I was amused this morning to read this interview in the NYT Stone in which the stolid Gary Guting tries to pin down the slithery John Caputo regarding Derrida's religionless religion. The Deconstructionist project is simply one of radical hermeneutic openness that is suspicious of any limiting interpretation, and so that's the game Caputo plays with Guting every time Guting tries to 'interpret' what Caputo means. "No, no...that's not it, that's too limiting." I get it, but there are limits to how much of this open endedness any sane person can take.
While I, like Derrida, am attracted to the Augustinian idea of "doing truth", there is a self-defeating open-endedness to Deconstruction that is the opposite of the incarnationalism that is the essence of Christianity. Freedom cannot mean for Christians keeping your options--even your hermeneutic options--open. Freedom is there to be used, and you use it when you make commitments, and when you make a commitment--among them a faith commitment--it has limiting consequences. But to refuse to choose leaves you forever on the outside shut off from another kind of possibility.
In Christianity radical open-ended freedom is--must be--crucified.

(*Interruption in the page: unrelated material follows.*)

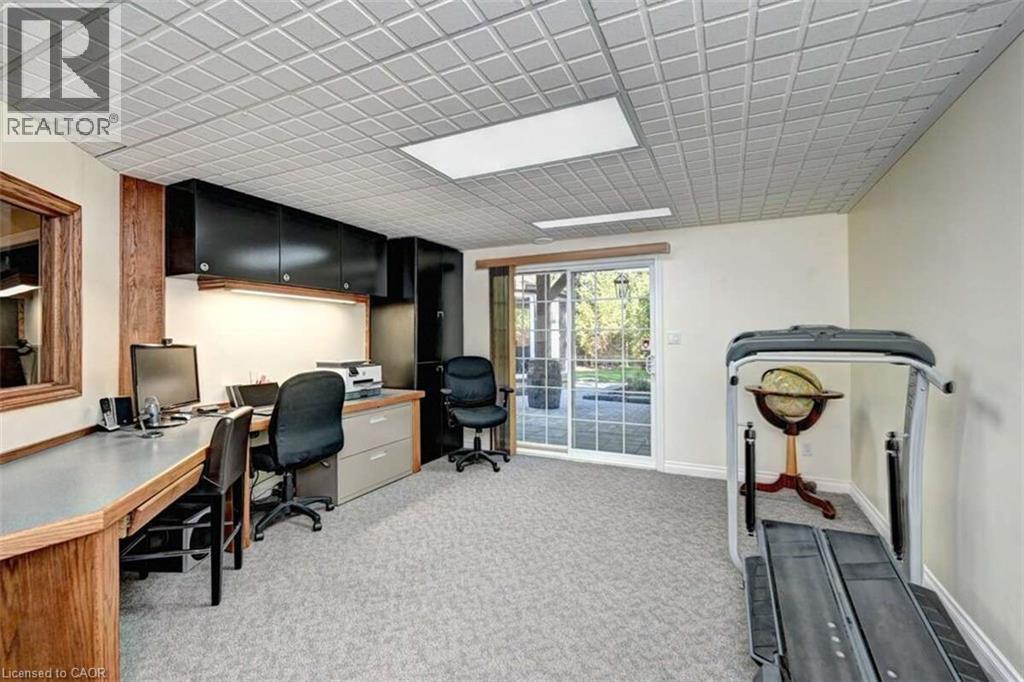 527 RIVER Road - 45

In Christianity choices are--must be--made that lead to very concrete limiiting of one's possibilities. In Christianity it is through the narrow gate that one passes into another level of freedom or liberation that simply isn't possible if one remains entranced by this dance of differences.
The path through that narrow gate is not one of peace and security, but of taking up burdens and sooner or later embracing anguish of the Dark Night through which we must all pass. It's not supposed to be easy. Such an exercise of freedom that results in such a commitment is for grownups who know what they are getting into and are willing to pay a price.